Developer Paul Price is responsible for identifying it and privately reporting it to the authorities concerned. This security loophole posed a significant threat since anyone could imitate another user of the website, giving them access to their credit card details, names, birth dates, email and street addresses- all of these could be accessed by changing the customer identification number sent in an API request. This insecure API gave out credit card expiry dates and the last four digits of their credit card details.
“I’ve seen some half-arsed security measures in my time but this just takes the biscuit. Whoever architect this system needs to be waterboarded,” Price commented.
He further explained, “Every API request is like this: there’s no authentication at all and you can pass in any customer ID to impersonate them. An attacker could easily place orders on other customers’ accounts, add or retrieve card information, view saved addresses, view orders and much more.”

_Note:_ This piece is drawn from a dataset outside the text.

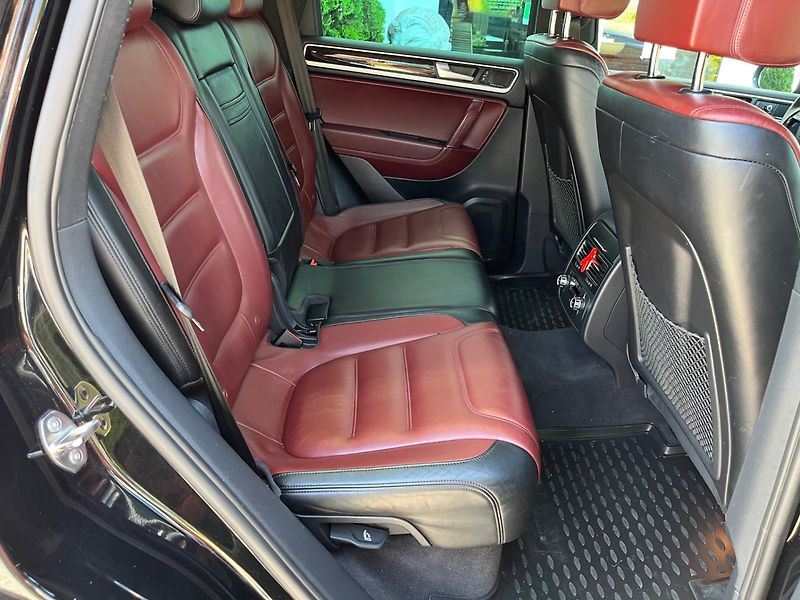Volkswagen Touareg (2011) 3.0 TDi Bi-Xenon,NAVI, DPH - fotka 18 z 30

In spite of being notified of the flaw in August 2013, and being sent a follow up email in September, the problem was procrastinated as it was pushed to be resolved “after Christmas.” Finding the mail order greeting service’s team non-responsive and the flaw still out there serving as a cash-cow for the vandals and hacker bots to take advantage of, Price decided to make the flaw public to “force Moonpig to fix the issue and protect the privacy of their customers”.
Mail order greeting service, Moonpig, in response, has taken the app offline. A spokesperson for Moonpig said, “The security of your shopping experience at Moonpig is extremely important to us and we are investigating the details behind today’s report as a priority. As a precaution, our Apps will be unavailable for a time whilst we conduct these investigations and we will work to resume a normal service as soon as possible. The desktop and mobile websites are unaffected.”